Selasa 19 Jul 2016 06:15 WIB

Impor Pekerja Cina, Komunisme, dan Ancaman Kerapuhan Sosial

Red: M Akbar
Presiden Joko Widodo (kedua kanan) menerima kunjungan delegasi Menteri Departemen Internasional Komite Sentral Partai Komunis China Xong Tao (kiri) di Istana Merdeka, Jakarta, Rabu (13/4).
Foto:

Berikutnya, komunis Cina melakukan cuci otak kepada seluruh warga. Masyarakat manggut-manggut terhadap informasi yang dikeluarkan pemerintah, padahal sudah tahu informasi itu dusta dan memutar balik fakta. Namun, semua tetap bungkam. Tirani kepempinan Mao berlangsung sekitar 55 tahun.

Untuk memuluskan kekuasaan dan keinginannya, komunis Cina tidak ragu menggunakan kekerasan, pembunuhan sampai kerusakan ekosistem. Banyak literasi mengisahkan kekejaman dan kebiadaban komunis Cina/Tiongkok. Di antaranya, dari kutipan tulisan "9 Komentar Mengenai Partai Komunis". Kita lihat lagi: tahun 1976 Mao Ze Dong menulis surat untuk istrinya, Jiang Qing.

''Dalam perjuangan 10 tahun terakhir mencapai puncak revolusi, aku tak behasil. Mungkin kamu berhasil, tapi jika gagal, kamu akan mencapai ngarai yang tak terukur dalamnya.'' Itu dokumen surat yang diungkap Dr Roxane Witke.

Dulu, rakyat Cina menuhankan Mao.

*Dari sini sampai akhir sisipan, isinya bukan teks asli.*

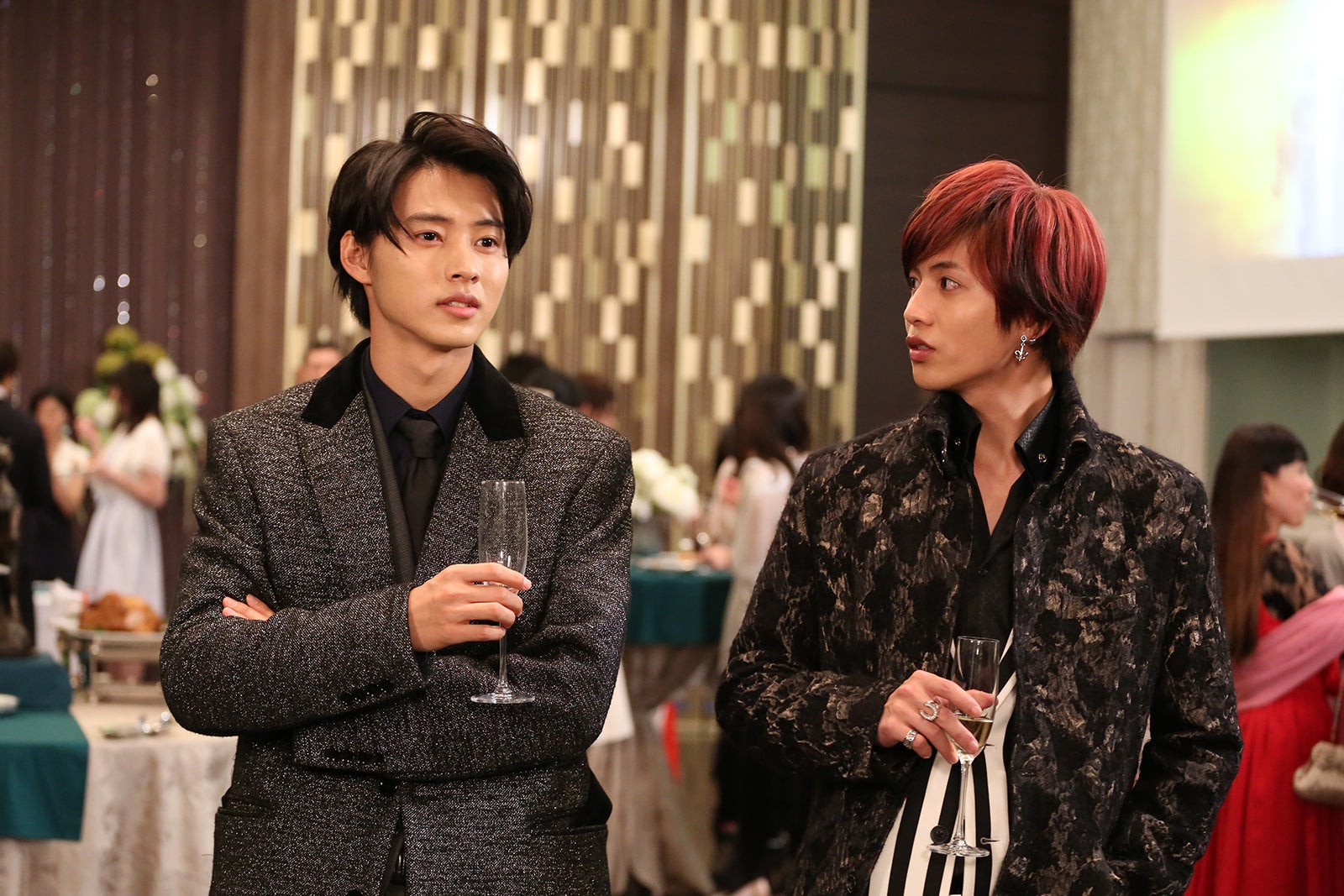 イケメンすぎるホストコンビ…（C）NTV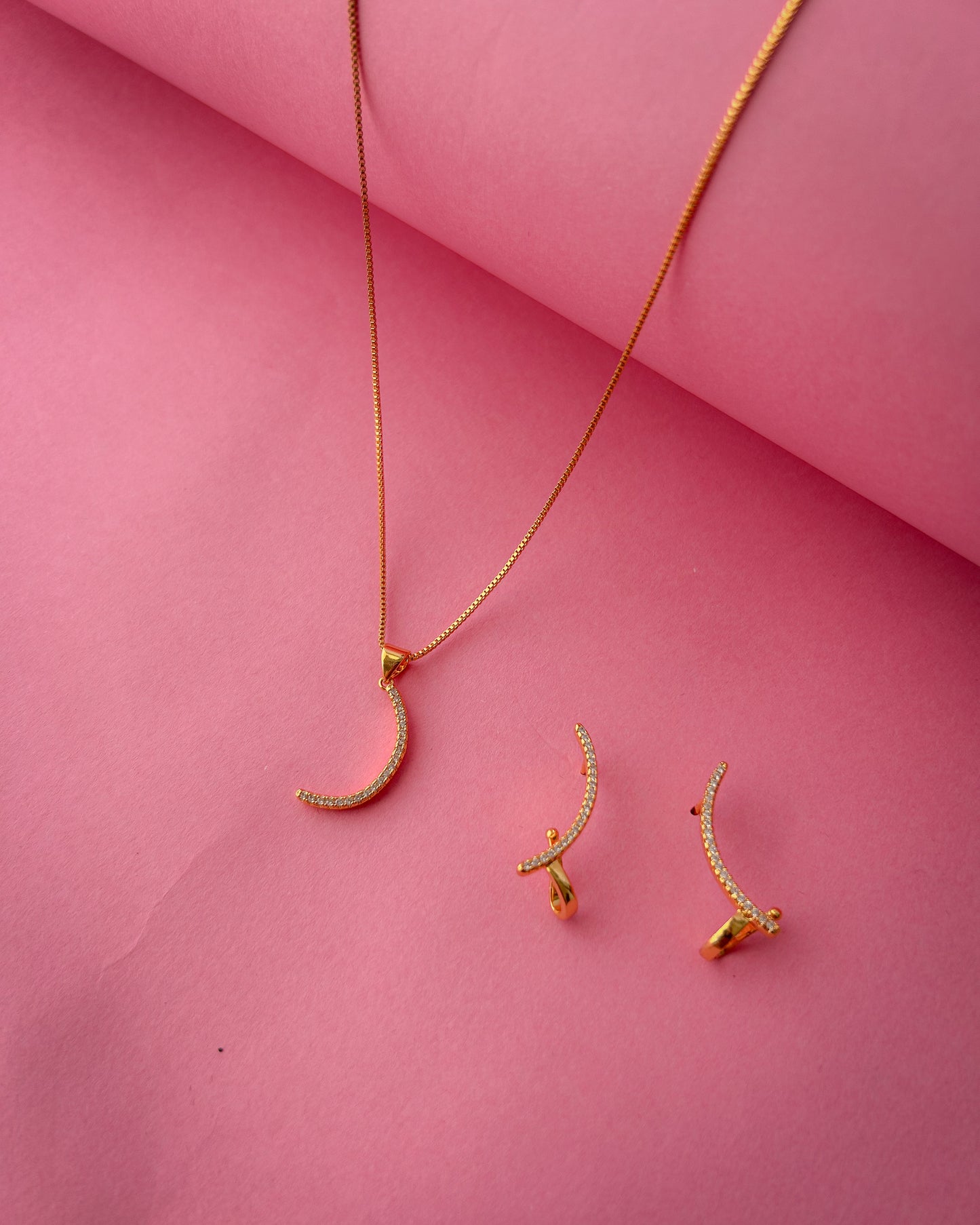Gold Plated Curved Bar Pendant Necklace and Earrings Set for Women
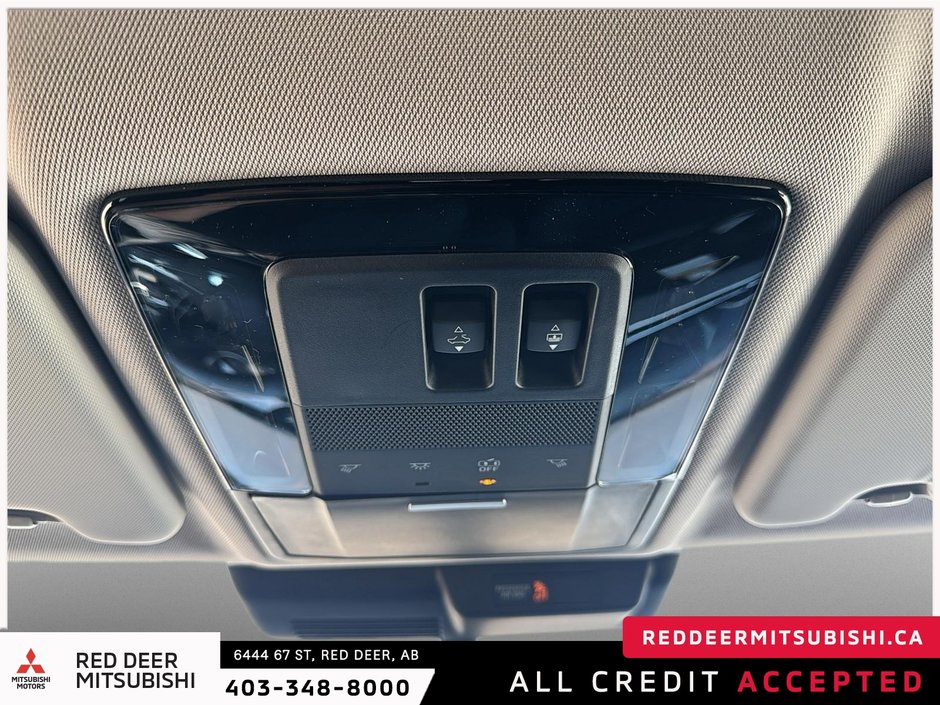 2025 Mitsubishi Outlander SE-15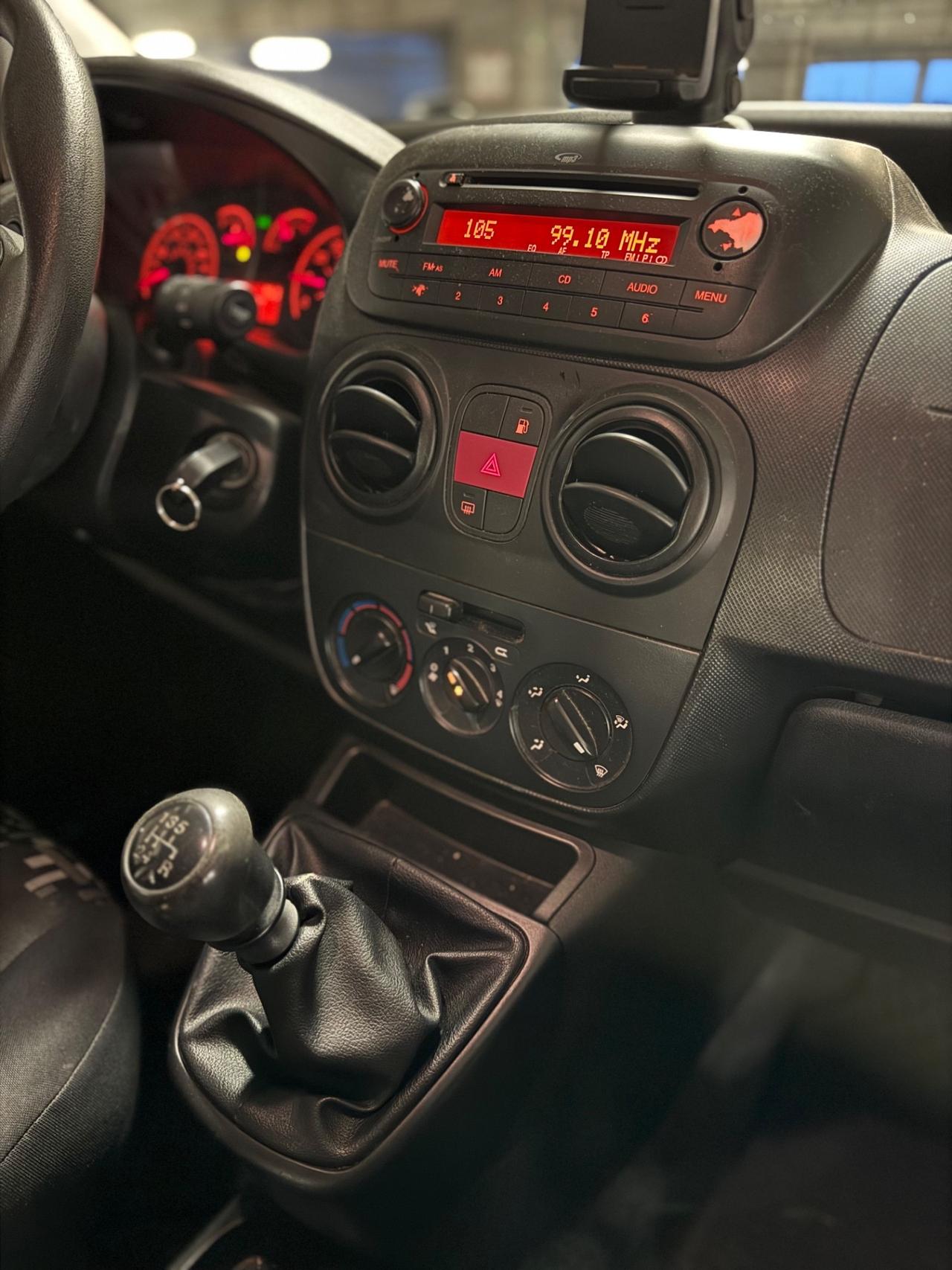 Fiat Qubo 1.4 8V 77 CV Natural Power EURO 6B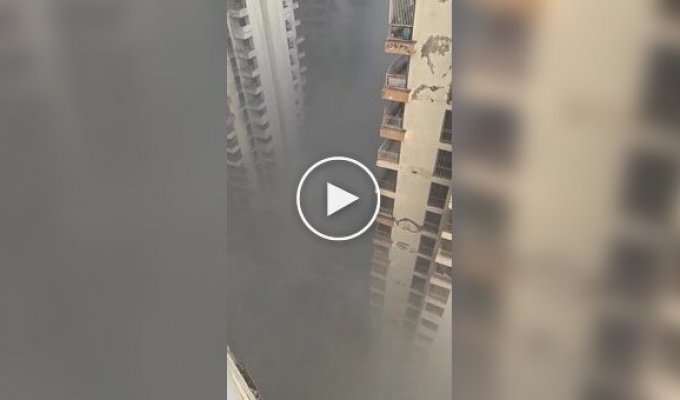 Вид с балкона в окутанном смогом Дели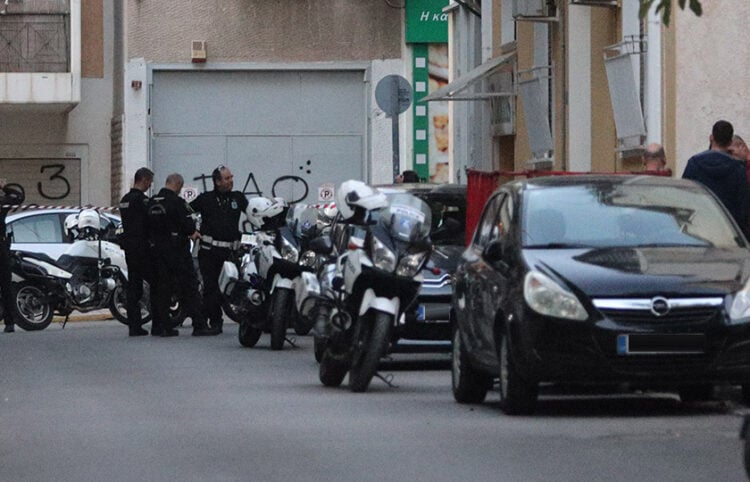 Αστυνομικές δυνάμεις έξω από το σπίτι του θύματος, στις 10/10/25 (φωτ.: EUROKINISSI / Γιάννης Παναγόπουλος)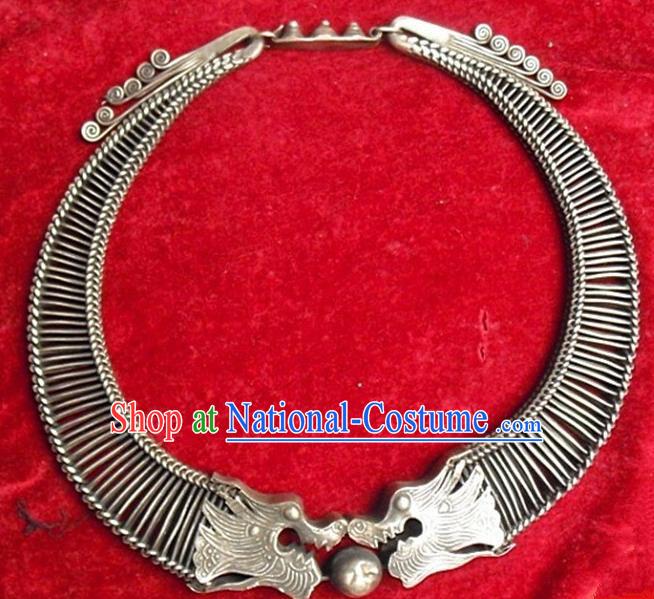 Chinese Traditional Ornaments Accessories Ancient Miao Minority Sliver Necklace for Women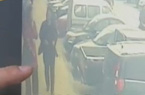 碰瓷新招假轧脚真要钱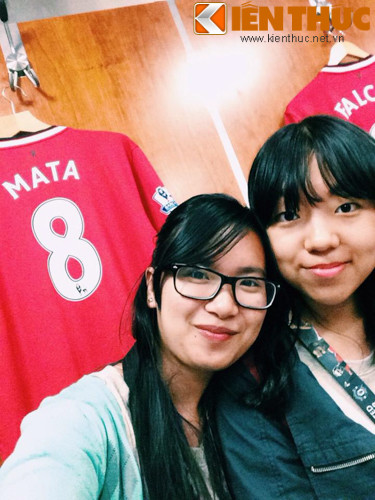 Chia sẻ với PV Kiến Thức, bạn Hải Hiền cho biết, trước đây Hiền học tại trường PTTH Nguyễn Gia Thiều – Gia Lâm – Hà Nội. Với niềm yêu mến CLB Man United cháy bỏng, cô bạn đã cố gắng học tập và giành được xuất học bổng tại một trường đại học thuộc thành phố Manchester để được gần đội bóng mình yêu mến bấy lâu.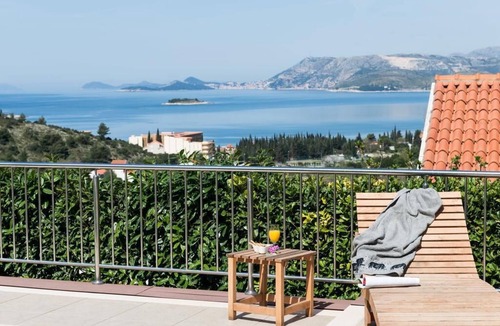 Cavtat Apartment | Romantic sea view apartment 2 with pool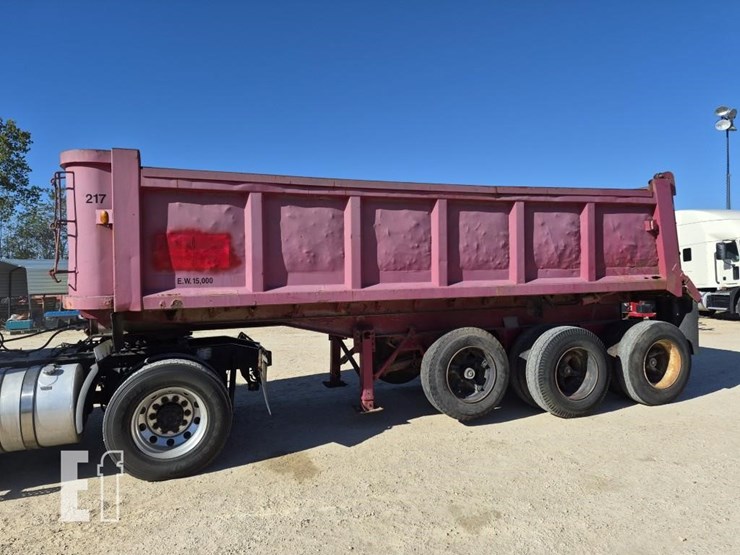 heil-trailer-image-14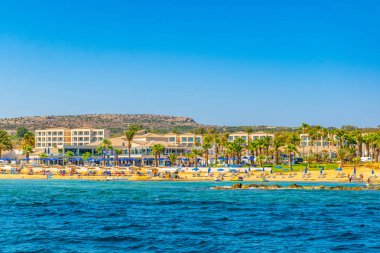 İnsanlar güneşli bir gün Agia Napa, Cypru adlı bir plajda tadını çıkarıyor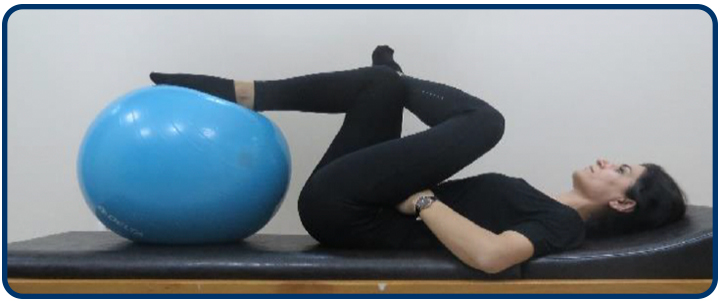 Sırt üstü uzanın. Bir ayağınızın tabanını pilates topunun üzerine koyun ve dizinizi bükün. Diğer ayağınızı öbür bacağınızın üzerine atın. Topu kendinize doğru çekin ve karşı taraf kalçanızı gerdirin. Bu pozisyonda 5 sn tutun ve gevşeyin. Aynı işlemi diğer taraf için de yapın.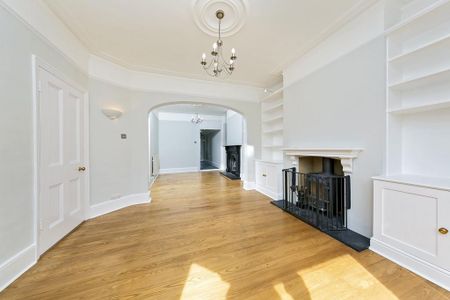 5 bedroom terraced house to rent - Photo 3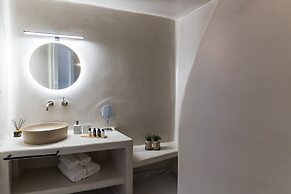 Lavadoze Luxury Suites - Adults only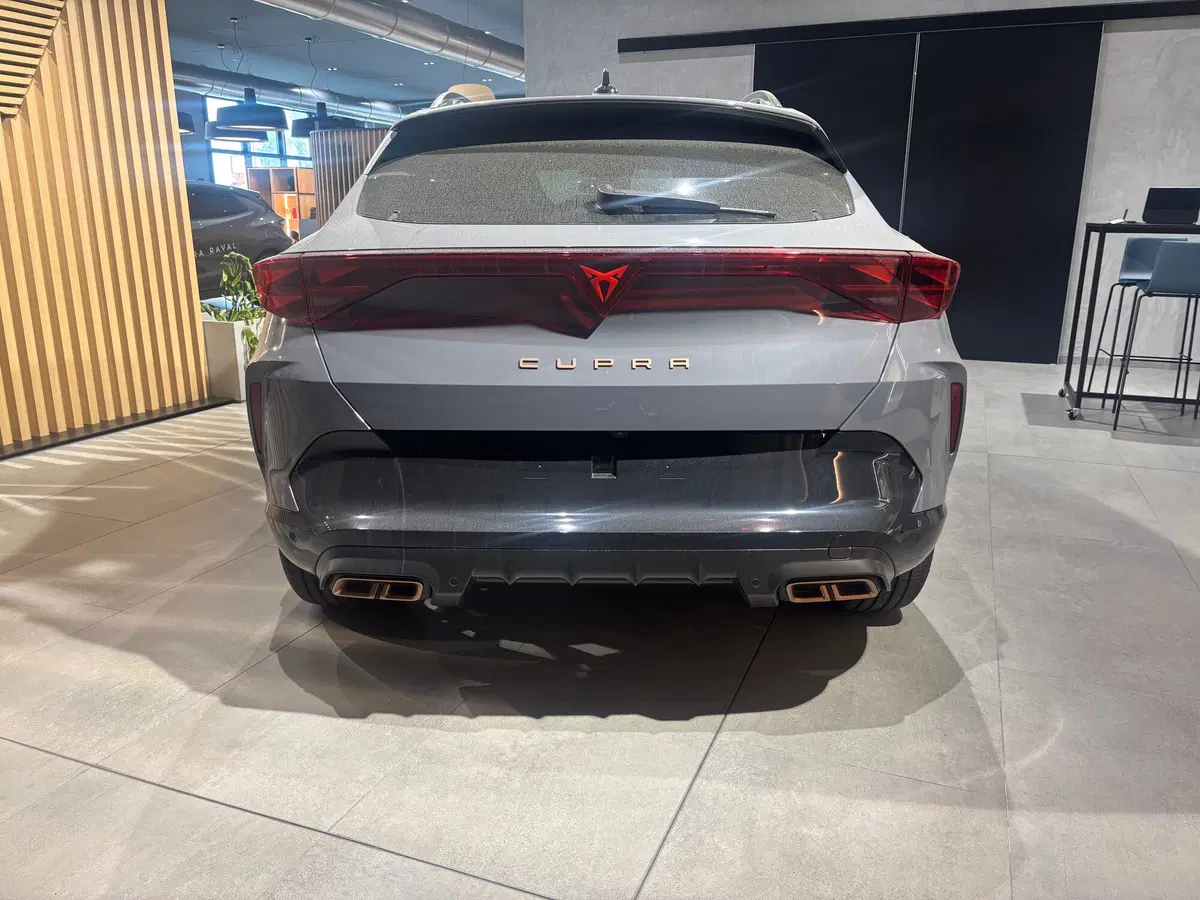 Cupra Formentor nuova a Ferrara (6)
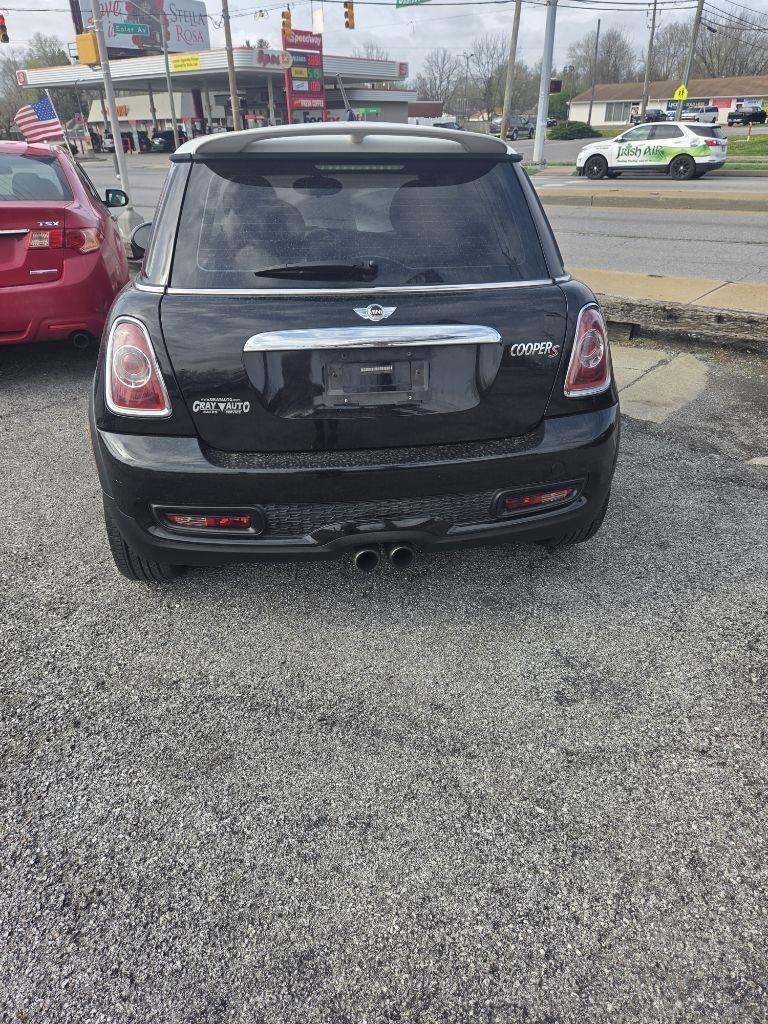 MINI Cooper Hardtop 2dr Cpe S 2011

Sampai kini pengikut atau penggemarnya masih mengelukannya, bahkan mereka yang di luar Cina. Padahal, Mao sendiri bilang, jika akhirnya ia tak bisa berhasil mencapai puncak tertinggi. Sejarah selalu bergulir: kekuasaan tidak ada yang abadi.

Belasan tahun sebelum menulis surat ke istrinya, sekitar awal Agustus era 1960-an, Deng Xiaoping, sekjen Partai Komunis Cina, diseret Pengawal Merah. Ia diinterogasi, diadili. Jutaan pemuda Cina berkumpul di lapangan Tiananmen. Dari buku saku merah, mereka meneriakkan yel-yel dari petuah Mao.

Gelombang massa bersejarah itu tak hanya menyeret Deng Xiaoping, melainkan Presiden Liu Shaoqi beserta istri. Aksi massa yang digerakkan Mao dan istrinya telah membuahkan pertikaian berdarah. Poltik berdarah itu mencetuskan perang saudara. Padahal, kekuasaan tidak ada yang abadi. Lucunya, toh meski Deng Xiaoping difitnah berkali-kali, ia malah melejit sendiri.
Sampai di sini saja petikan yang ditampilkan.